Seizième nouvelle de la série des enquêtes du commissaire Jérôme, elle a été publiée dans Le Matin daté du 12 décembre 1936 1936 .

C’est une enquête... sans meurtrier ni voleur... On aimerait, comme dans beaucoup de ces nouvelles, que Maurice Renard Maurice Renard les ait développées un peu plus ; ou pour donner plus de corps à ses protagonistes pour raconter un peu plus de choses sur l’histoire qu’il nous raconte. Bref. Encore une fois, l’auteur était enfermé dans un format trop court pour lui.

L’inspecteur divisionnaire Jérôme avait écouté ma question avec une curiosité souriante et un air qui, pendant que je parlais, ne me laissait pas de doute sur sa réponse. Cette réponse, comme je l’avais prévu, fut affirmative.

— Certainement, fit-il. Cela m’est arrivé. Le cas est rare, je l’avoue. D’habitude, c’est le crime ou le délit qu’on découvre en premier, et, de ce point de départ, on remonte à l’assassin bu au délinquant. Le contraire a de quoi surprendre.

— Je suppose, lui dis-je extrêmement alléché. Je suppose qu’en ce qui vous concerne, c’est d’un délit qu’il s’agit. Et même d’un délit qui n’avait rien de sensationnel. Autrement, je veux dire s’il s’était agi d’un crime, l’affaire aurait fait un bruit retentissant, et le récit de votre exploit aurait défrayé la presse de tous les pays !

Jérôme sourit sous sa moustache blanche, et je vis passer dans l’azur clair de son regard la douceur un peu mystérieuse et un peu ironique d’un souvenir.

— Non, répondit-il en me regardant de la sorte, c’est bien d’un crime qu’il s’agissait.

— Alors, c’est donc une très vieille histoire...

— Cela ne peut pas être une très vieille histoire. Réfléchissez.

Je réfléchis quelques secondes pendant lesquelles nos yeux ne cessèrent, pour ainsi dire, de « lier le fer », ceux de Jérôme tout bienveillants, les miens remplis sans doute d’interrogation et d’intense recherche.

— Ne croyez pas, reprit Jérôme, qu’il faut avoir déjà longuement vécu pour être à même de concevoir certains soupçons à propos d’un homme, quand rien d’autre que sa physionomie, ses attitudes, sa démarche ne peut servir d’indice ?

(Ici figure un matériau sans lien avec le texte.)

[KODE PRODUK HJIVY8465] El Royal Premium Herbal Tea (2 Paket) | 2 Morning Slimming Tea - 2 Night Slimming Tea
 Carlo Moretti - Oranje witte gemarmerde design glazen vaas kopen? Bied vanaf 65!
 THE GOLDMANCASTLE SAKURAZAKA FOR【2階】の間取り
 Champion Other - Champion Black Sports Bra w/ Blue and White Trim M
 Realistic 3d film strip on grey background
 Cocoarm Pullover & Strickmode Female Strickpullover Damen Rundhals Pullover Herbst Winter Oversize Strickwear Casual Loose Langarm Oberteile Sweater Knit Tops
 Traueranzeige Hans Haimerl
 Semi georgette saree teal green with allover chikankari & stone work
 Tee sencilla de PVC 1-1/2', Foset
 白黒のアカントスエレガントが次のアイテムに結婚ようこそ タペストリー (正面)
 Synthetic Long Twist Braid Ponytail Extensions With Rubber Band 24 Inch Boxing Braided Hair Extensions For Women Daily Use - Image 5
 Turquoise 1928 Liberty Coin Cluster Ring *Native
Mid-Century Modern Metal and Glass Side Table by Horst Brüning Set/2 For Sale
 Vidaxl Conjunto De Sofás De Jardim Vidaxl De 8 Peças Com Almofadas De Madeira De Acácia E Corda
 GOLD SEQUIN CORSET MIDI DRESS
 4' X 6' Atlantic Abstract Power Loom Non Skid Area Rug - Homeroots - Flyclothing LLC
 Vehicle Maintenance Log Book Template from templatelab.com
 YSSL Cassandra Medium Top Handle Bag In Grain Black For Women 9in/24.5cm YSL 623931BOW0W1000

— Excusez-moi. repartis-je, mais je présumais que d’autres indices avaient pu vous alerter, vous guider. Par exemple, que sais-je ? une balafre, une cicatrice, la marque des ongles de la victime.

— Halte fit Jérôme en levant la main. Une balafre, une cicatrice, ne sont-ce pas là des vestiges du fait brutal ? Des sortes de pièces à conviction ? Des traces matérielles d’un événement qui pourrait bien être un crime et qu’il est intéressant de rechercher ? N’est-ce pas, en somme, le crime lui-même qui s’annonce, se trahit ? Serrons de plus près les données du problème. Soyons plus scrupuleux, mon cher ami.

— Voulez-vous dire vraiment que vous avez découvert un crime à la seule vue du criminel, sans vous tromper ?

— C’est cela. Mais vos derniers mots ne sont pas tout à fait exacts. Je me suis trompé. Je me suis trompé non pas sur le plan humain. mais sur le plan judiciaire. Vous comprendrez ce que je veux dire lorsque je vous aurai conté l’histoire.

 » L’homme marchait devant moi, sur le trottoir. Le hasard faisait que, sans y prendre garde, je n’allais pas plus vite que lui, et que je le suivais sans le vouloir. Mon attention fut attirée par le mouvement fébrile de ses doigts. Ces doigts-là s’agitaient, révélant que l’homme en marche était préoccupé et même, probablement, anxieux. C’en était assez pour qu’il cessât de m’être indifférent. Alors, me rapprochant de lui, je tâchai d’apercevoir, dans les vitrines des magasins. le reflet de son visage. J’y parvins aisément, et je découvris ainsi un profil sévère et un regard mobile, autant qu’il m’était possible d’en juger.

 » Cet homme portait toute sa barbe. Il était vêtu sans élégance, presque pauvrement. Le bas de son pantalon usagé s’effilochait un peu contre l’arrière de ses chaussures, dont les talons étaient usés.

 » Nous allions, l’un derrière l’autre, vers un boulevard. C’était le matin. Il y avait peu de monde dehors, à cause du froid. Et ce froid, l’autre semblait le négliger, puisqu’il ne mettait pas ses mains dans ses poches — témoignage supplémentaire de sa préoccupation.

 » À mesure qu’il approchait du boulevard, sa marche se faisait plus lente, plus indécise. Il ralentissait, reprenait son train, ralentissait de nouveau. Tout à coup il s’arrêta, hésitant, se tourna vers l’étalage d’un chemisier, et resta là, peignant sa barbe d’une main fiévreuse.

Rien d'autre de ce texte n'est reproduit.